Hi Jordan, a 555 timer circuit should do the trick. You can either design the circuitry into your custom carrier, for example using the NE555P IC, or use a 3rd-party carrier board that already supports auto power-on like ConnectTech’s do. Alternatively if you wanted to try wiring something to the power header of your existing developer kit, you may be able to use an external add-on module like this one.
This also for the dev kit. So we will have the primary power source from for the TX2, but I just want to make sure we can turn it on remotely in the event that it crashes. Is what you mentioned above still the best route?
The cleanest way is to use a 3rd party carrier with the feature (like mentioned above) or roll your own carrier with the 555 circuit.

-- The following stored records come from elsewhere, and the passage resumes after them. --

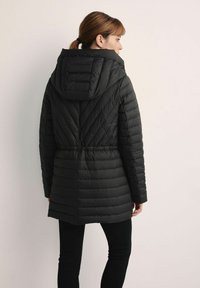 Czarna kurtka puchowa z teksturowanym, pikowanym wzorem, regulowanym elastycznym paskiem w talii i dużym kapturem, widok z tyłu.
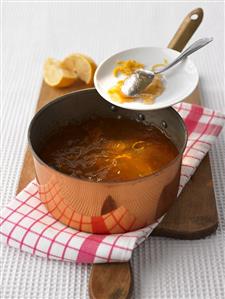 Mirabelle and apple jam in copper pan and on plate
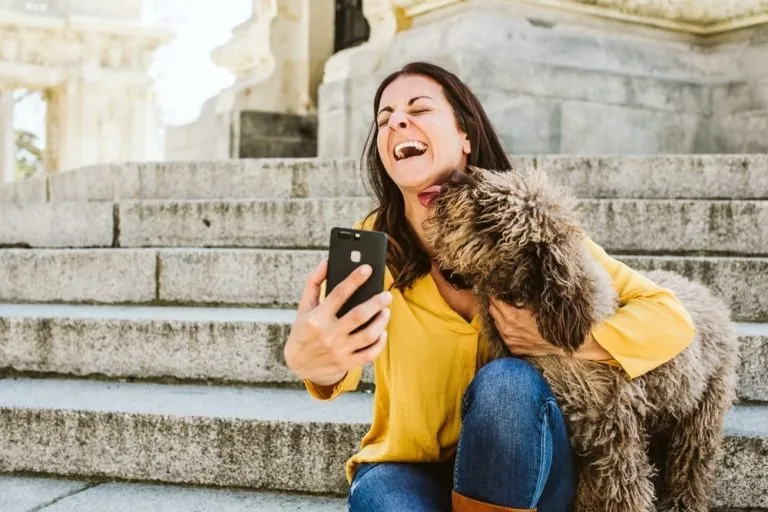 a woman laughing as her dog licks her and she takes a selfie
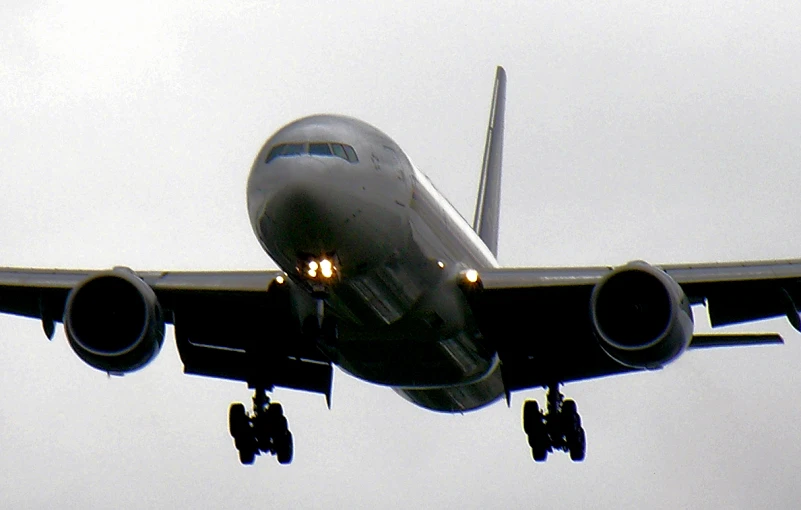 a large airplane flying in the sky during the day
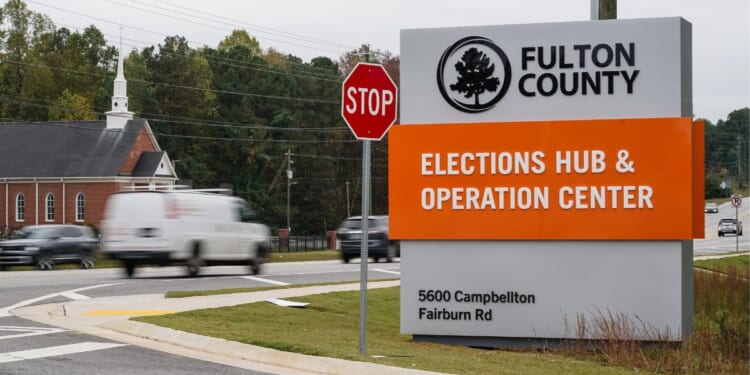 Vehicles pass by the sign for the Fulton County Elections Hub and Operations Center on Nov. 4, 2024, in Union City, Georgia.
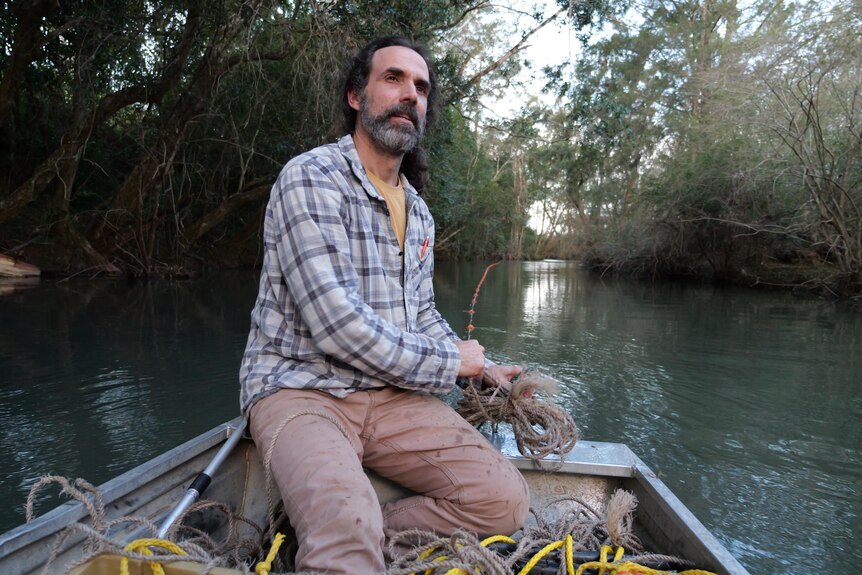 A man in a checked shirt and beard sits on a tin boat in a river.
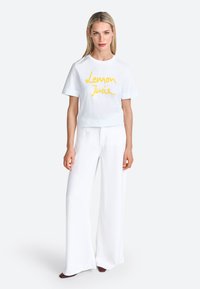White cotton t-shirt with "Lemon Juice" printed in yellow cursive, paired with wide-leg white trousers. Minimalist design, soft texture.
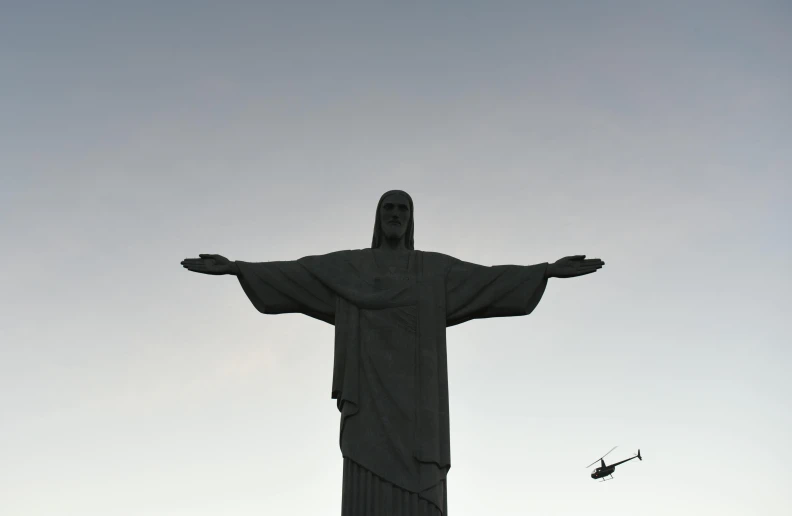 the statue of jesus is flying with a helicopter behind it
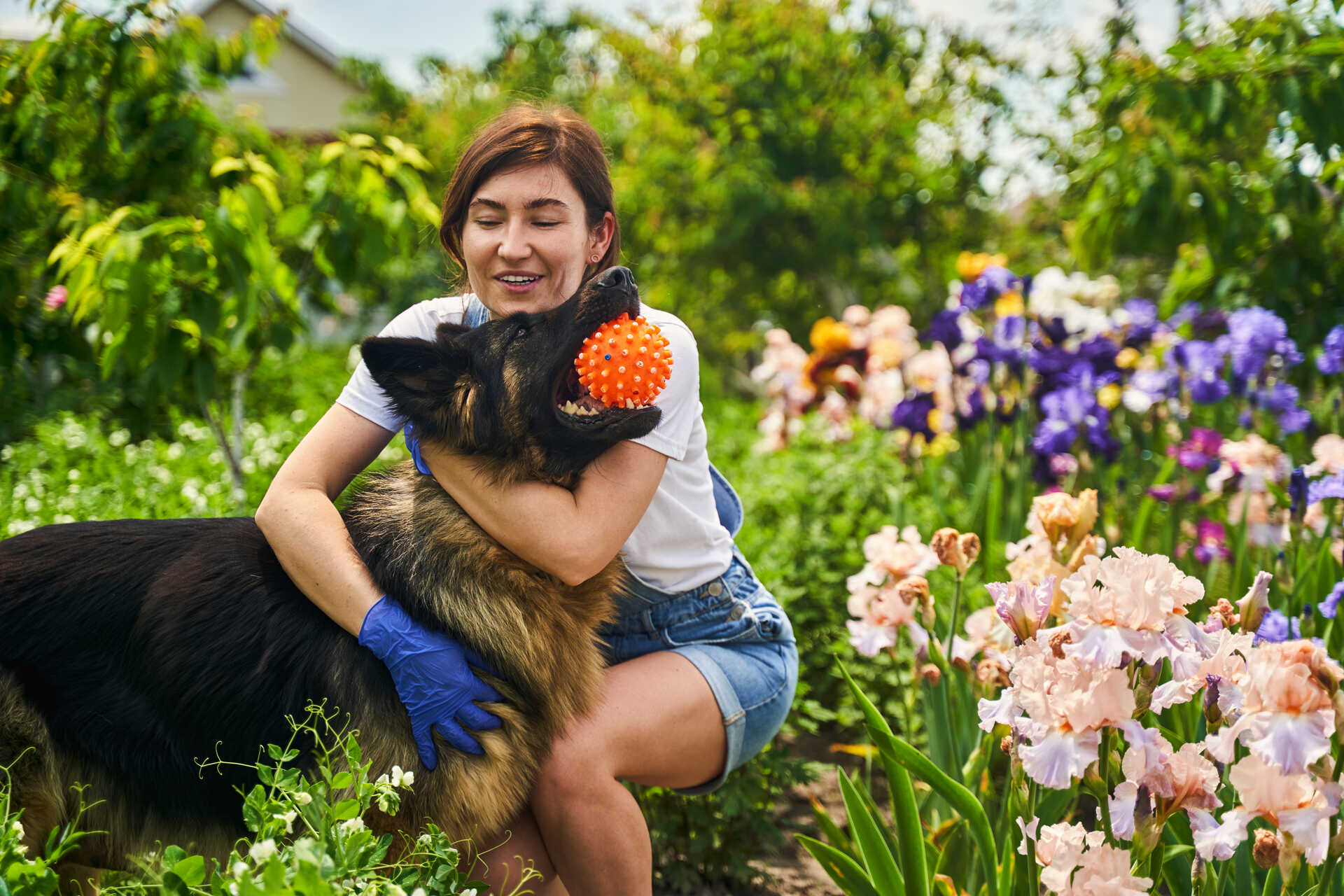 A woman hugging her dog while gardening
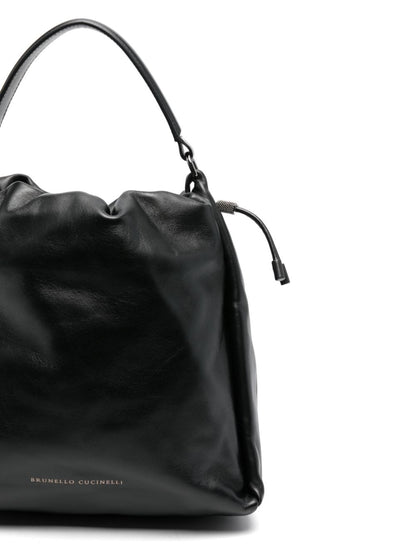 Soft leather bucket bag with precious details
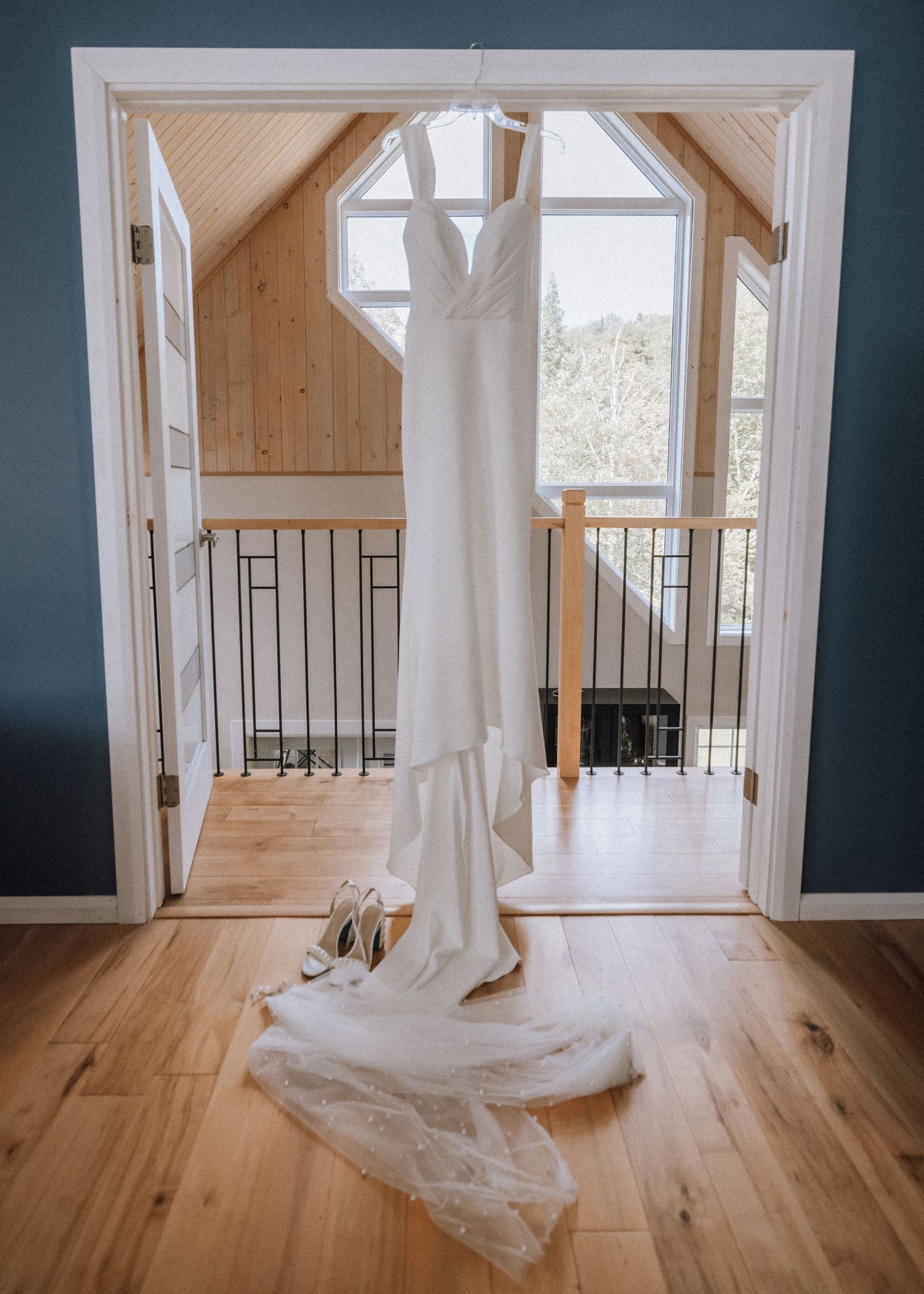 White wedding veil flowing across light hardwood floor in elegant interior space with navy walls.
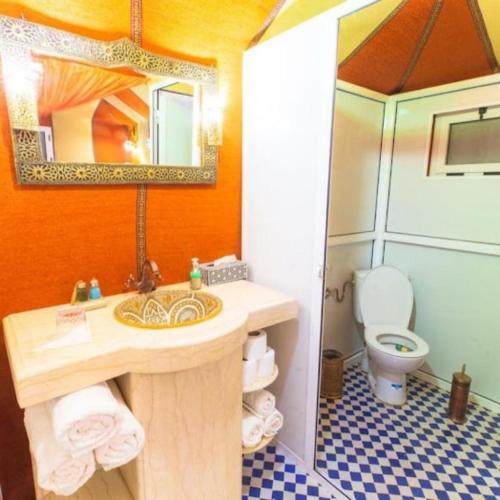 a bathroom with a sink and a toilet and a mirror at Luxury Desert Central Camp in Merzouga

For use on the devkit itself, you could connect the power header to an external timer board like from Adafruit above.
There is a standard 2-pin 0.1" spaced header in parallel with both the power button and reset button. Anything which detects a non-working state and performs either the correct reset button or power button operation (such as from the 555 which is very easy to work with and inexpensive) will do the job. The trick is determining when to hit the reset or power button…you’ll need some sort of heartbeat function.
Thank you guys,
What would the installation of the Adafruit or 555 look like and can you clarify heartbeat function?
I can’t give you an exact answer on heartbeat. Basically you just need to determine how to decide that the 555 would trigger power up. An obvious answer is that power was off and now it is on, but some bus shows power has not been applied to the Jetson itself beyond having the power connector, then the 555 would trigger power on (this would be a case of using the 555 to guarantee autoboot upon power being applied).
In your case it sounds like you might also be interested in forcing a reset if the system locks, or if software has told the Jetson to shut down without actually losing power. Is this the case?
A typical hearbeat might be a ping of the ethernet port, and if ping is lost, it waits one minute and then hits the power reset button…if ping does not start within two minutes of a power on event, then it would reset and try again in an infinite loop. If you need ping to know about “I’m alive”, then you’ll need something with network abilities…which could be a micro controller attached to a 555 for the timer side. It’s up to you to define what state the Jetson is in and whether to force a power up.
As an alternative, perhaps a GPIO pin could be clocked to tick once each 30 seconds…and this would reset the 555 on a two minute wait. Should the 555 not get a tick for two minutes, then it would do the equivalent of hitting the power buttton and/or reset button.
Great, thank you both.
Do either of you know of any tutorials or walk throughs on integrating something like the adafruit timer board from above with power headers? & just to verify, the power header for the devkit is the J9 pin?
J9 is the “force recovery” button, J3 is the reset button. J11 is the power “force off” button. The button you are interested in is J6. Pin 1 of J6 is marked and is ground, shorting pin 2 to pin 1 (or ground) results in turning an “off” Jetson “on” (and probably if you hold a short on those pins for about 5 seconds for an “on” Jetson it should go to “off”…I didn’t test).
Semi random question – we are using a raspberry pi for a component of our solution that we think would put too much strain on our TX2, any chance you know if we could use that to short the J6 pin?
I suspect any open collector gate which can float until triggered, but then briefly ground upon trigger, would do the job. An RPi should be fine if it has a 5V tolerant open collector/open drain output (grounding the “hot” pin triggers…the float voltage is 5V which your design should not draw current from until triggered). About the only thing to be of issue is if the pulse is too short…I don’t know what a correct pulse width is, but think of the time a human might spend on “tapping” an on button or reset button…perhaps 100ms.